Rock blasting took place in the mountain above the plant and rocks were hand-loaded into small rail cars that travelled downhill to the crusher, the grinders and then into the kilns. Using six 80-ft. kilns the plant was able to produce 1,500-1,800 barrels of Portland cement per day.

In the early years, the half-a-million barrels of cement produced every year had a positive benefit to the local economy but also provided much of the necessary material needed to expand the roads, railways and industrial buildings used to develop Western Canada.

The plant was described as a technological wonder of its time, yet in 1908, slow markets, railway strikes and a flawed sales strategy caused the plant to close down.

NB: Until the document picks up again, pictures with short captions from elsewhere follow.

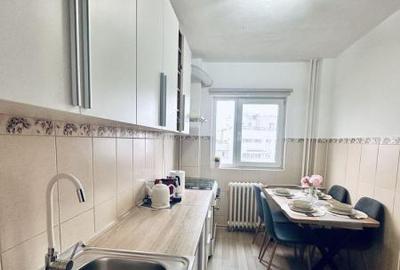 Apartament 2 camere Metroul Dristor - 4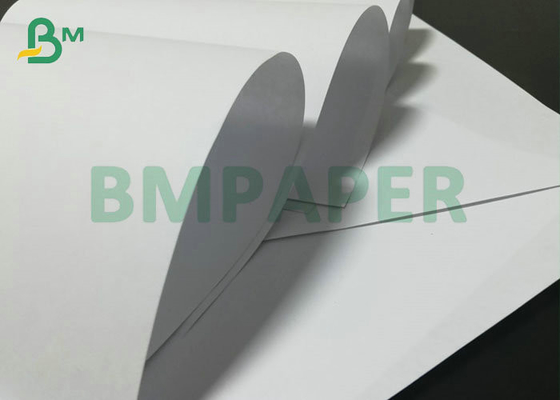 1000mm Width 55gsm Offset Paper Jumbo Roll For Book Inner Pages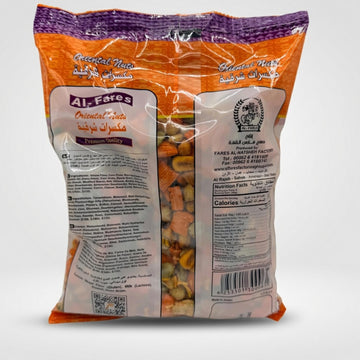 Oriental Nuts Al-Fares (400g)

Although workers continued to quarry rock from the mountains above Exshaw it was not until new management and the 1909 amalgamation of 10 Canadian cement companies – to form the Canada Cement Co. – that the Exshaw plant began to operate again.

Many modernizations took place to keep the plant at the leading edge of technology and productivity:

  • The completion of the Seebe dam in 1911 provided inexpensive power to the plant and replaced the coal fired stream generator built in 1906.
  • In 1912, the six old kilns were replaced with three more efficient 150-ft. coal-fired kilns.
  • Post-war modernizations in the mid-1920s led to a temporary switch from blasting to hydraulic mining.
  • The 1940s saw the switch from a dry manufacturing process to the wet process.
  • In the early 1950s the plant introduced a new mountain top quarry and began using electric shovels, 30-ton trucks and a mobile rotary drill.
  • Exshaw was the first company plant to convert from coal to natural gas fired kilns in 1951.
  • In 1970 Canada Cement merged with Lafarge Canada to form Canada Cement Lafarge Ltd. This new company would become the largest supplier of cement in Canada and would be a major contributor to the development of Canada’s two fastest growing cities, Calgary and Edmonton.
  • In the early 1970s a $30 million expansion and upgrade increased the plant capacity to 500,000 tons. Much of the old plant was demolished and the expansion required the demolition of much of Uptown Exshaw including the elementary school, protestant church and 47 homes.
  • In 1988 Canada Cement Lafarge Ltd. became Lafarge Canada Inc.